Quiet Leadership is not set out as an academic theory of leadership in this book, but rather a guide to improving the quality of the conversations that leaders have with their people, based on researchinto the functioning of the brain. Through his “Six Steps” model he attempts to process map best practice in performance coaching.

The Six Steps 

In the body of the book, David sets out his Six Step model. In the model the first step is aimed at helping the reader to learn to “Think About Thinking” or focus on helping people to improve not what they are thinking about but the way they think. The key element here is to give the person space to do their own  thinking rather than doing it for them. He then addresses the topic of “Listening for Potential” or how a leader can encourage and support others to achieve their thinking potential through the non-verbal way in which they listen. Here the keys are not getting lost in the detail and avoiding being misled by your own filters and agenda. Step three introduces an approach to conducting conversation he calls, “Speak with Intent” which explores how to develop the skill of asking the right questions. In “Dance Toward Insight” he describes a process map around how leaders help others to develop insights and outlines an approach to reading facial expressions in a conversation. Step five aims to “Create New Thinking” and continues to develop his process map, describing the phases that people go through when real breakthroughs in thinking occur.

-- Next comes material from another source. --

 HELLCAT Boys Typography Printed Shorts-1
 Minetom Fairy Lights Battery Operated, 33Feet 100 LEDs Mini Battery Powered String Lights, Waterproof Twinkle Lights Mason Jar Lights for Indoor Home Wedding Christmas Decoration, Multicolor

The final step is called “Follow-up”, which addresses the issue of ensuring that any changes in the person are sustained. In summary this book is helpful for anyone who is involved in leading organisations in highly pressured, rapidly changing environments. I did find that the information on neuroscience, neurophysiology etc., became a bit of a distraction at times, presenting self evident ideas in an overcomplicated “scientific” fashion. This runs the risk of detracting from some of David’s very helpful and profound messages. However, on the whole, the book provides many helpful insights and a clear process in the area of performance coaching. In particular his  emphasis on leaders needing to focus on asking their people the right questions, rather than giving them good instructions, allowing people to work things out for themselves and that this process of gaining their own insights becomes an “energising mechanism” in their organisations or businesses.